## The data
'''

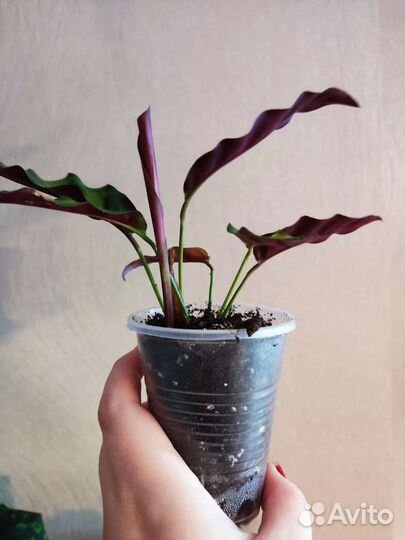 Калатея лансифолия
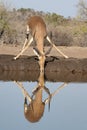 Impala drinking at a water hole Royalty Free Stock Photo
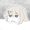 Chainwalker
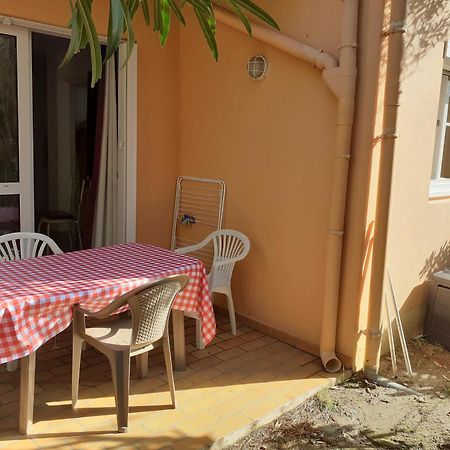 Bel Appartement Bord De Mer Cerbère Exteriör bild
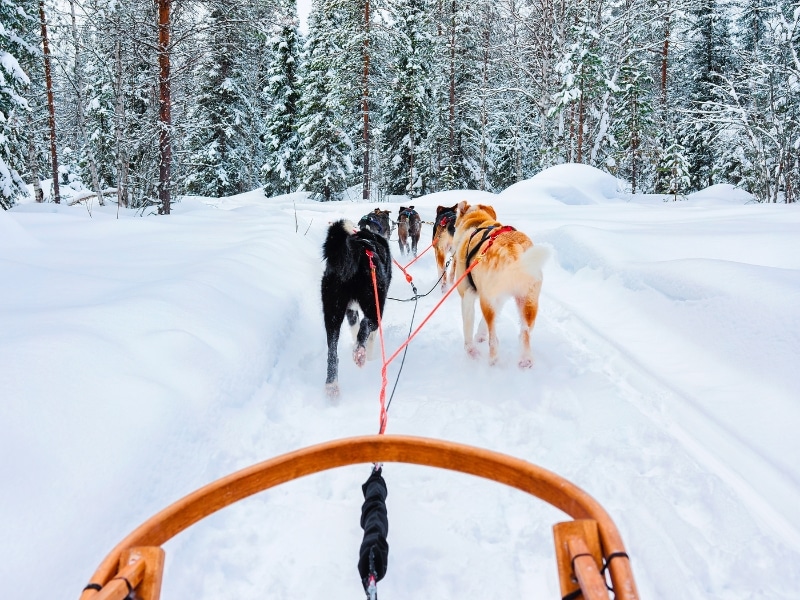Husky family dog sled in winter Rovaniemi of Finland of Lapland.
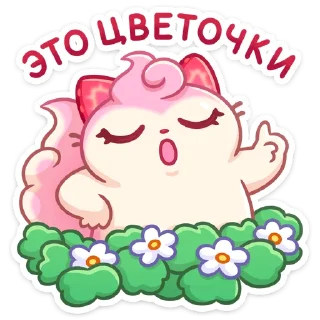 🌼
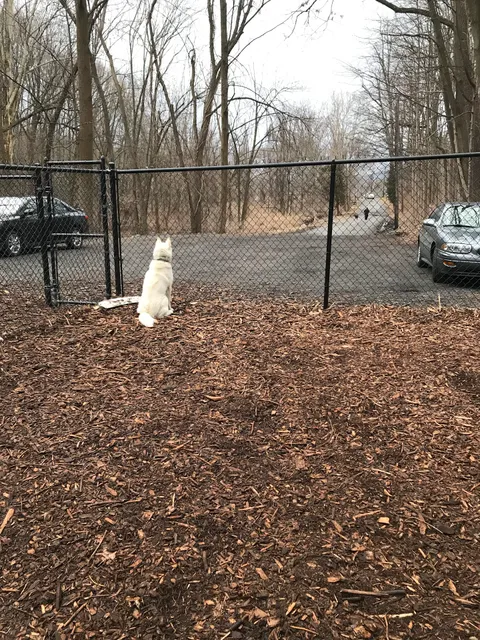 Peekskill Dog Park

'''
'''

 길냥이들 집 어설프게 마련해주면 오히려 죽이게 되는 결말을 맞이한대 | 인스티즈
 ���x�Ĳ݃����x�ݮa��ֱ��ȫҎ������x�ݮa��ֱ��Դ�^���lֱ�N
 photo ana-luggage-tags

'''

## Aim of the task
Copy exactly the material above from the line with "Chainwalker" to the line with "Peekskill Dog Park", ends included, and nothing else. Leave out any picture.

## Completed exercise
 Chainwalker
 Bel Appartement Bord De Mer Cerbère Exteriör bild
Husky family dog sled in winter Rovaniemi of Finland of Lapland.
 🌼
 Peekskill Dog Park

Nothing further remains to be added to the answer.